Raynaut, lui, (1993, op. cit.) s’interroge depuis longtemps sur la signification de notions de bon sens comme celle de « solidarités familiales ». Il montre que dans les villes à forte croissance par exemple, les structures de parenté se morcellent physiquement et les bases économiques qui cimentaient l’unité de la communauté familiale en milieu rural disparaissent. Dans ce cadre, les liens familiaux élargis peuvent continuer à être revendiqués pour nourrir un sentiment d’appartenance ou sollicités dans des cadres de réciprocité, mais ils ne constituent plus le fondement de stratégies communautaires de reproduction matérielle et sociale. Et si les valeurs de solidarité s’expriment encore, elles entrent désormais en concurrence avec l’accomplissement de destins individuels divergents. Des conflits d’intérêts sont ainsi susceptibles de surgir dans le sillage d’un événement malheureux. Il reproche en d’autres termes l’approche finaliste de la plupart des recherches: regard systématiquement orienté vers les fonctions d’entraide des réseaux de solidarité. Or, ces réseaux sont aussi autre chose, ils peuvent être instables, et le sida réactive parfois des conflits contenus jusque-là par des stratégies d’évitement.
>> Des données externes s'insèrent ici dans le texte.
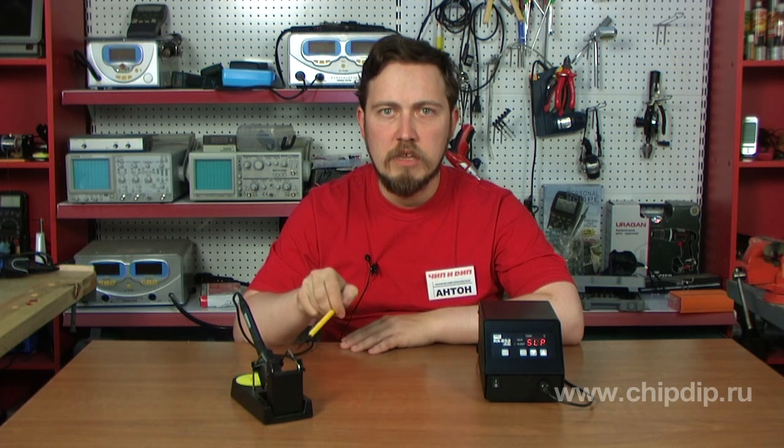A soldering station is a set of devices that includes a soldering iron, an electronic control unit, a soldering iron support, and a soldering tip cleaner. At first sight, one might think the electronic control unit is the main part of the soldering station. In fact, that is far from true — the specifications of any soldering station first of all depend upon the structure of the soldering iron itself, and its main component is the heater.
Il propose, pour éviter cette perspective finaliste, de passer, dans une problématique de changement social, de la question des solidarités à celle des formes de sociabilité.
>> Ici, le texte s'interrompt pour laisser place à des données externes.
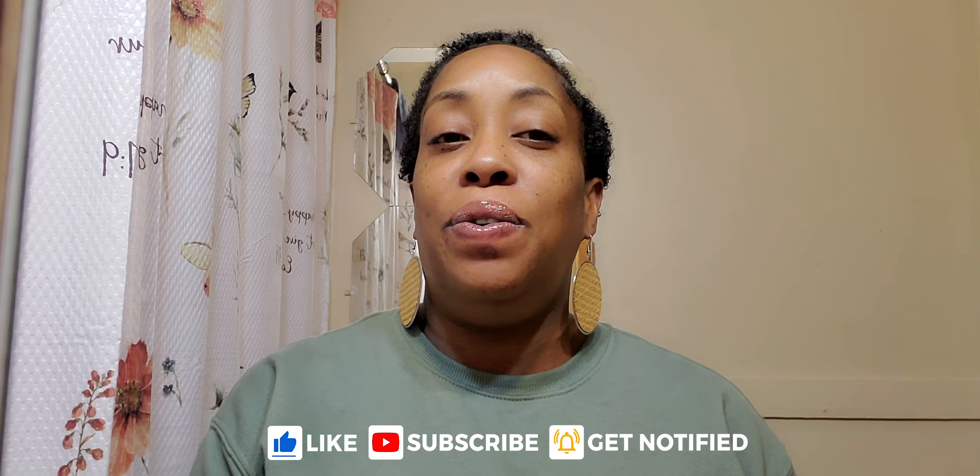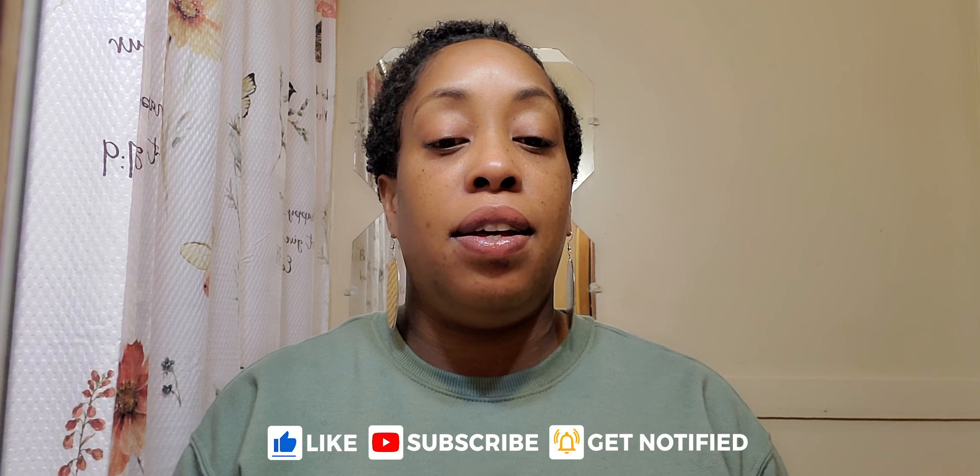Please don't forget to like, comment, and subscribe. And if you are new, thank you for subscribing. Please don't forget to leave any video suggestions — anything that you want to see me do. I'll attempt to try to do it, and if it's a fail, it's a fail; if not, it's a win.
Ce tour d’horizon des recherches en sciences sociales concernant le sida en contexte africain a permis de mettre en évidence quelques–unes des lacunes relatives à certains principes de recherche, notamment l’étayage théorique et l’explicitation méthodologique. Il s’agira dès lors de porter une attention particulière à ces éléments tout au long de ce travail. Parallèlement à ces aspects d’ordre épistémologique, les recherches consultées semblent confirmer l’adéquation du questionnement en termes de crise, dans la mesure non seulement où elles mettent en évidence l’urgence des situations (même si celle–ci s’atténue avec le temps, la maladie demeure en forte expansion dans le continent africain), mais également où elles affirment que le sida apparaît à la fois comme révélateur et accélérateur des déstructurations des systèmes sociaux dans leur globalité (et non pas seulement sur le plan sanitaire). Les réflexions

plus spécifiques concernant le lien social mettent par ailleurs en relief la pertinence de questionner le rapport lien social et sida, dans la mesure où la prise en charge des malades repose essentiellement sur le réseau familial. Cette recherche tentera de mettre l’accent sur les innovations produites face aux conséquences de la maladie. En empruntant la terminologie de Rémy ( 1996), on pourra parler d’« innovations de rupture » pour celles qui permettent un engagement dans des voies nouvelles, et d’« innovations de croissance » pour celles qui permettent à une logique déjà en place de se renouveler.